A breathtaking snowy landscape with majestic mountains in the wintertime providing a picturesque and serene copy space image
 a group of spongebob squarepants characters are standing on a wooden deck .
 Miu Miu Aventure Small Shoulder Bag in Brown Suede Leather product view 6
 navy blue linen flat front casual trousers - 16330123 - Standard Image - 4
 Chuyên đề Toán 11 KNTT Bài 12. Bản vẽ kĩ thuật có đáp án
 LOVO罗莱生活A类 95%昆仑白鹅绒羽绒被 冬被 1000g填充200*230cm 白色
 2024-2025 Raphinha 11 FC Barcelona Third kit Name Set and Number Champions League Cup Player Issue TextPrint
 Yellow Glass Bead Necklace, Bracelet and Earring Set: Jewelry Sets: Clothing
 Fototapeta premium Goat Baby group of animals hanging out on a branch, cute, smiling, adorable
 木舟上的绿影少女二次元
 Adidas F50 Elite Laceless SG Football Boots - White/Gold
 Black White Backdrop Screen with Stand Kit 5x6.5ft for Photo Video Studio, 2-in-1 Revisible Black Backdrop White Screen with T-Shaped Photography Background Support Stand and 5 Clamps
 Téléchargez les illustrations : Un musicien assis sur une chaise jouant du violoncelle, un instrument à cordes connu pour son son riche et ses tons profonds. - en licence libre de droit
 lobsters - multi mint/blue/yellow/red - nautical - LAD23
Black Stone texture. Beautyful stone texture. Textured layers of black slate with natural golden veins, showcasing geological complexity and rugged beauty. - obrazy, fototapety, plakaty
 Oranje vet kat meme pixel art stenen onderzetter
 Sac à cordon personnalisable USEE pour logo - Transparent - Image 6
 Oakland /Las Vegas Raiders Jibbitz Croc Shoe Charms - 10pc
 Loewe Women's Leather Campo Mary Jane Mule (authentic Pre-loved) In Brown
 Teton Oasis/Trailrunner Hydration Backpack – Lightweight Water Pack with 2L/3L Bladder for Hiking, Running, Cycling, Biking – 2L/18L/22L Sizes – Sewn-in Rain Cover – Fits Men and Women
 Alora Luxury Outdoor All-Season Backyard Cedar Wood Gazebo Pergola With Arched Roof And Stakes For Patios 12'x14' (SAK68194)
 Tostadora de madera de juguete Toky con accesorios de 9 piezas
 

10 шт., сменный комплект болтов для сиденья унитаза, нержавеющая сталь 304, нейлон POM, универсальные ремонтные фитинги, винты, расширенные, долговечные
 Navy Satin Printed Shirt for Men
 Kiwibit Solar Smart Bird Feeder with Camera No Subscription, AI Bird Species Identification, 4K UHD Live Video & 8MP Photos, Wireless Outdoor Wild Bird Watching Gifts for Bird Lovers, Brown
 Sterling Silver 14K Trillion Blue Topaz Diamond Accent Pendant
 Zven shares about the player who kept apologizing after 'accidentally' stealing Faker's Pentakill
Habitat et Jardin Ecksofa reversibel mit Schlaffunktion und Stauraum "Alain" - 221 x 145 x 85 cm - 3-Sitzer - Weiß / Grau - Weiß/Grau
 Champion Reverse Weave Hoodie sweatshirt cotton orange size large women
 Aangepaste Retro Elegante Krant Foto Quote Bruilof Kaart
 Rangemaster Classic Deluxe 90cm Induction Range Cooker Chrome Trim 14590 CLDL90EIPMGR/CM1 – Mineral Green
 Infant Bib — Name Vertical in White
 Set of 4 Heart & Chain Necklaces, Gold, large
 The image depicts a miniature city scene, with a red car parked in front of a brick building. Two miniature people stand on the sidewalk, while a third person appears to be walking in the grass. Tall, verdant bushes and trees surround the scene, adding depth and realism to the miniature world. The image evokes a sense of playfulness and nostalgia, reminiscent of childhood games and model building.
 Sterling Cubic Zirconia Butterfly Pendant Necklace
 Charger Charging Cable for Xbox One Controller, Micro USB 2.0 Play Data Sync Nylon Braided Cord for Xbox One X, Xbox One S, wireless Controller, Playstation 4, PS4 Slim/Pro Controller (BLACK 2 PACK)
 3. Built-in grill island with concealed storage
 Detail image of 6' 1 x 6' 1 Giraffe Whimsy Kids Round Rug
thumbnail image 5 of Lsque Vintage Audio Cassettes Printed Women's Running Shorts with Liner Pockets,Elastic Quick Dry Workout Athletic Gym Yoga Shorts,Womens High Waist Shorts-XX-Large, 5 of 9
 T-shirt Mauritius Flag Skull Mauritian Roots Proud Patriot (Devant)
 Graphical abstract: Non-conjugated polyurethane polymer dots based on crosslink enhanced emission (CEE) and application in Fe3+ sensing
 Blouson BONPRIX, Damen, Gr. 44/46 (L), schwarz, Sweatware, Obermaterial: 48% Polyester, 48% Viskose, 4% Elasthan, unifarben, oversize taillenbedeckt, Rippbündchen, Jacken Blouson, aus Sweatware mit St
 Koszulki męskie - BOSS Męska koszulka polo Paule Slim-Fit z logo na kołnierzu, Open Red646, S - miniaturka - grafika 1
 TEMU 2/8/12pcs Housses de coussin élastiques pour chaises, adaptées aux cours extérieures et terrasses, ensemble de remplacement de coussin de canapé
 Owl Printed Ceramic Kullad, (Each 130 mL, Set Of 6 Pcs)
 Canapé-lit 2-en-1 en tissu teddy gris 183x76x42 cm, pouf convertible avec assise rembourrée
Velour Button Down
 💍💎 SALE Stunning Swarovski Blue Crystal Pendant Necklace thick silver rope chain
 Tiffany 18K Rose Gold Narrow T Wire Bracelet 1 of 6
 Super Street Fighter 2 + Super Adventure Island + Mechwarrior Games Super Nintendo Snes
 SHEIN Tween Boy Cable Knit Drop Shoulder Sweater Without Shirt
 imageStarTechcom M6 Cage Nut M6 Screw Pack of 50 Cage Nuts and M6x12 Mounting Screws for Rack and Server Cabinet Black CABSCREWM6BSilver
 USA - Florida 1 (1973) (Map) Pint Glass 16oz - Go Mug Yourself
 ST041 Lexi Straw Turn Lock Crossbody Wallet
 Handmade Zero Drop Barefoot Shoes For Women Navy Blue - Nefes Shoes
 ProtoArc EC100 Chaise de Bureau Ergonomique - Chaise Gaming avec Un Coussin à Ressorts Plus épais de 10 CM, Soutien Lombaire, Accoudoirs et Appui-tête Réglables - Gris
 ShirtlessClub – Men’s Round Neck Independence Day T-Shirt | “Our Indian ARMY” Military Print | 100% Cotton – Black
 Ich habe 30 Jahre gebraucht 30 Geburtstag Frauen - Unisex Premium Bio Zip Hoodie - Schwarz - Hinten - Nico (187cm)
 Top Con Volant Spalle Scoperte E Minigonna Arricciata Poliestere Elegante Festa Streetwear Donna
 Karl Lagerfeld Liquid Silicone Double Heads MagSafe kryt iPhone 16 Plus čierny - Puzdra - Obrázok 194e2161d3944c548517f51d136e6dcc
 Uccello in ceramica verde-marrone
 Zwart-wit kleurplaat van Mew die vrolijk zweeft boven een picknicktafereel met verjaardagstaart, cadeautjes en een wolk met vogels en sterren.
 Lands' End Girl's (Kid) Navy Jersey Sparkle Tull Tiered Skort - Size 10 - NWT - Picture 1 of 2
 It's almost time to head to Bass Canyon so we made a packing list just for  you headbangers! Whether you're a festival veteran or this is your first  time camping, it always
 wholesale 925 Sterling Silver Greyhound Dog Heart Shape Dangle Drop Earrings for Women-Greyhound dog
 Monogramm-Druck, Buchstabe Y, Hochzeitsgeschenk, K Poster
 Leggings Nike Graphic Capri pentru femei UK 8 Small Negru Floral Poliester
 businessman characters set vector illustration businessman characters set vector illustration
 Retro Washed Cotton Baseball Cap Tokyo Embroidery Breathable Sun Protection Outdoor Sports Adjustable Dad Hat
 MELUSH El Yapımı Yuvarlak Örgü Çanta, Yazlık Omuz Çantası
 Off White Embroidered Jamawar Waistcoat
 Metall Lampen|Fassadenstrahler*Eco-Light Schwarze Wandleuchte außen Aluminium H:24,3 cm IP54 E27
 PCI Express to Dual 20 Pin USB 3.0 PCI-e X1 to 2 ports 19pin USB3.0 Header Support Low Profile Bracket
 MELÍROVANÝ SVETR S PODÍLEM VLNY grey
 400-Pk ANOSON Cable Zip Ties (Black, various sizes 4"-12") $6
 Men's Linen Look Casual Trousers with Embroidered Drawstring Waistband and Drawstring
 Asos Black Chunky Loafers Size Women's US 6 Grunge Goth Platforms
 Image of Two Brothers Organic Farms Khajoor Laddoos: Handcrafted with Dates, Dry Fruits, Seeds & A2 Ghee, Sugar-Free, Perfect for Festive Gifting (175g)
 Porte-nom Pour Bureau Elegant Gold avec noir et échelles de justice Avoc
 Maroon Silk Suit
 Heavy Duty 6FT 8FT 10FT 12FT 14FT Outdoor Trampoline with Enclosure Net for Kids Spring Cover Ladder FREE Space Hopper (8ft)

________________

**DIRECTIONS FOR THIS TASK:** If a line of the material contains the word "Shoulder", pick it out and copy it.

**EXERCISE RESPONSE:**
 Miu Miu Aventure Small Shoulder Bag in Brown Suede Leather product view 6
 SHEIN Tween Boy Cable Knit Drop Shoulder Sweater Without Shirt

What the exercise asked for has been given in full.